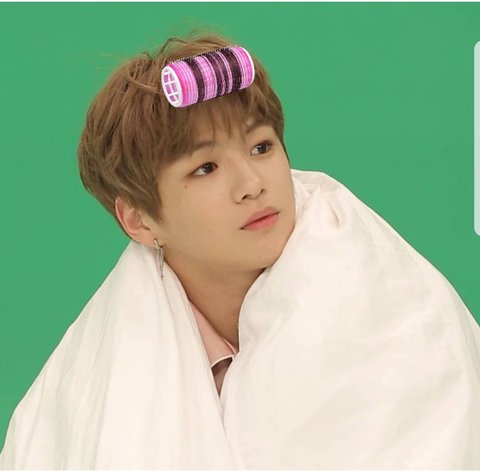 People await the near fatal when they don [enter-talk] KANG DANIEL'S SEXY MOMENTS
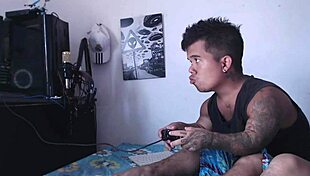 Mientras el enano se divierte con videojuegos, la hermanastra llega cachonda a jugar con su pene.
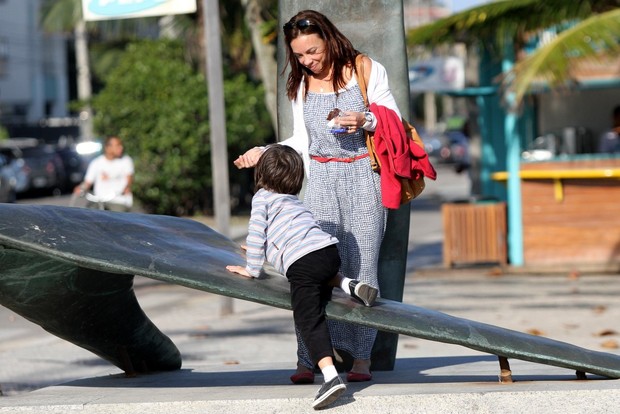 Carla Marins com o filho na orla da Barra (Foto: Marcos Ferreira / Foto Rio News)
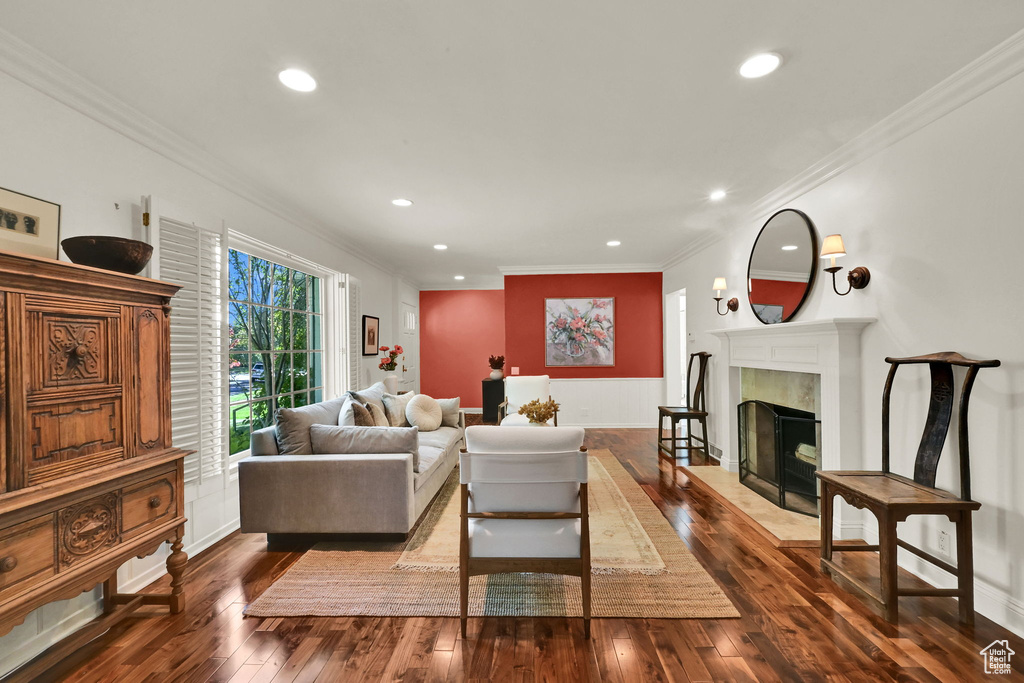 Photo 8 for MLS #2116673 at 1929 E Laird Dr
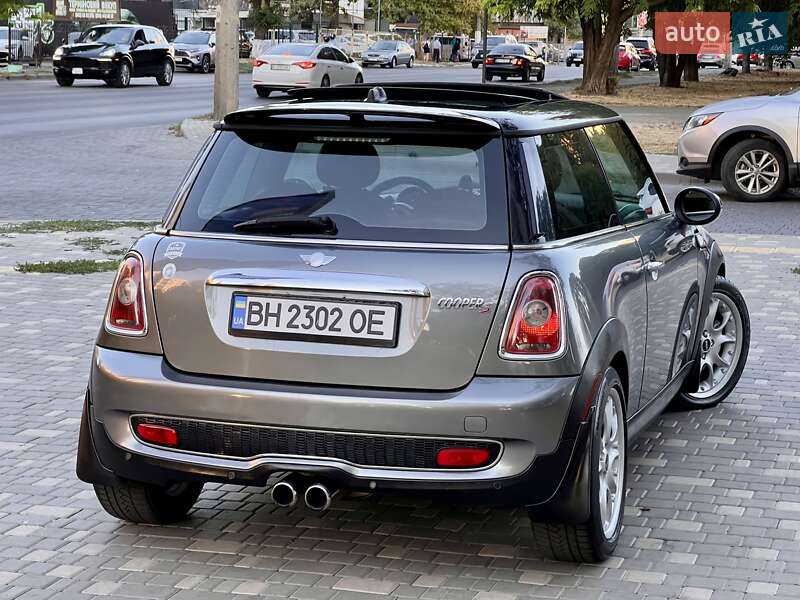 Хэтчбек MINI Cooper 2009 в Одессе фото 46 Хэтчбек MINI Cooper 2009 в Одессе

___

[Exercise aim]: Each line from the one holding "Carla Marins com" down to the end of the records is to be reproduced unaltered, and the pictures are to be omitted.

[Task result]:
 Carla Marins com o filho na orla da Barra (Foto: Marcos Ferreira / Foto Rio News)
 Photo 8 for MLS #2116673 at 1929 E Laird Dr
 Хэтчбек MINI Cooper 2009 в Одессе фото 46 Хэтчбек MINI Cooper 2009 в Одессе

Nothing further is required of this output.